A Etnobiologia surge como uma disciplina inovadora. Como seus próprios


métodos demonstram, busca trabalhar na interface existente entre as ciências
biológicas e humanas e/ou sociais, rompendo o paradigma das ciências
feitas em gavetas separadas. Separadas, muitas vezes, pela crença na
autossuficiência das áreas específicas da ciência, cada uma acreditando que
explica melhor os fenômenos naturais e sociais.
Mesmo que seja uma disciplina relativamente nova, já são observados
seus benefícios no que tange a valorização do conhecimento tradicional, que
até pouco tempo tinha-se suas práticas de tratamento, cura, rituais e
cerimônias como algo de outro mundo. Embora ainda hoje sejam frequentes
as expressões do tipo “você acredita nisso?”, “ah isso é conversa fiada”, “se
eu fosse você não mexeria com isso, pode dar errado” e outras tantas.
Apesar desses aspectos contra, sempre há aqueles que dão o merecido valor
a esse tipo de conhecimento e a Etnobiologia vem com métodos científicos
para provar sua validade, até porque se não fossem válidos não teriam
permanecido por tanto tempo entre as culturas.
Outro aspecto que deve ser considerado é que os inventários e
levantamentos etnobiológicos podem ser de grande utilidade para a
elaboração de propostas para a conservação de determinadas áreas, bem
como para a elaboração de planos de manejo. Isso porque acredita-se que o
manejo feito por essas comunidades são essenciais para a manutenção dos
ecossistemas nos quais estão inseridas, tendo em vista o tempo de
permanência nesses locais e as formas de manejo aperfeiçoadas ao longo do
tempo.
Deve-se levar em conta também o fato de que muitos estudos nesta
área têm desencadeado uma série de ações que beneficiam as populações em
estudo, como, por exemplo, a publicação de livros que enfatizam aspectos
culturais importantes para determinadas culturas e que assim podem ser
conhecidas por um número maior de pessoas; a elaboração de laudos ou
textos científicos que auxiliem essas populações em situações burocráticas;
organização de cartilhas informativas sobre práticas de plantio, colheita ou
fabricação de fitoterápico, que poderiam trazer mais benefícios para a
população; o próprio produto do estudo, monografias, dissertações e teses,
como um documento da população estudada; produção de vídeos
documentários que mostrem o dia a dia nas comunidades, e outros. Todas
essas formas de retorno para a comunidade estudada é uma forma não só de
beneficiá-las, mas também de agradecê-las pela oportunidade de realização
do trabalho e de ter a possibilidade de encarar o mundo sobre outro olhar.

Atividade Complementar 3
Para finalizar, mais exercícios...

1) O que você entende por patrimônio genético?

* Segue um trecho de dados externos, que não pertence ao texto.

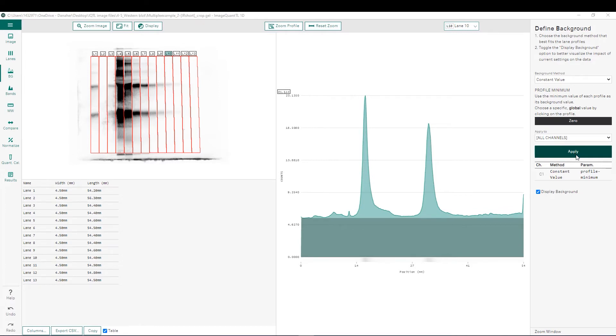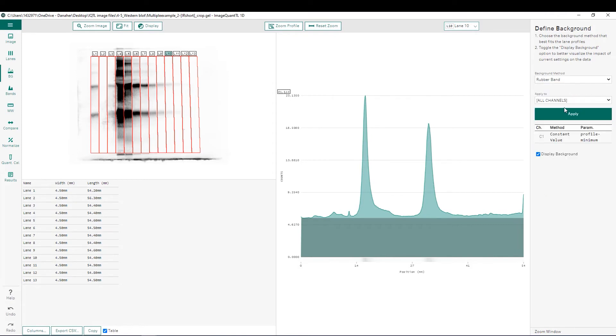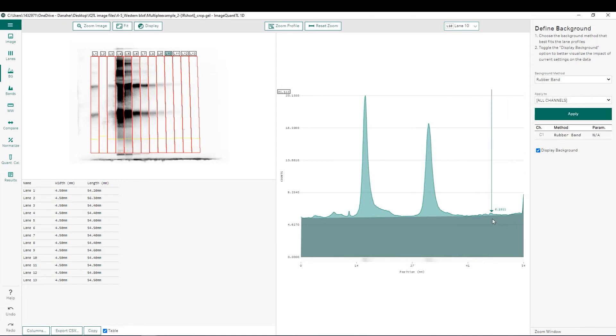The next background subtraction method we're going to look at is rubber band, which provides us a localized background for each individual band within each lane. Rubber band works by taking the intensity at the top of our lane and at the bottom and stretching our rubber band across. If there are any points that are lower in between there, it will contour around those.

2) Depois de conhecer maiores detalhes acerca das formas de acesso
ao patrimônio genético brasileiro no site indicado anteriormente, faça
sua crítica sobre a questão burocrática do sistema de acesso vigente.
3) Quais formas de retorno você utilizaria para recompensar a
comunidade imaginária que você trabalhou no exercício número dois
da atividade anterior?
4) Faça um pequeno texto discutindo como você entendeu os
principais pontos trabalhados nesta unidade.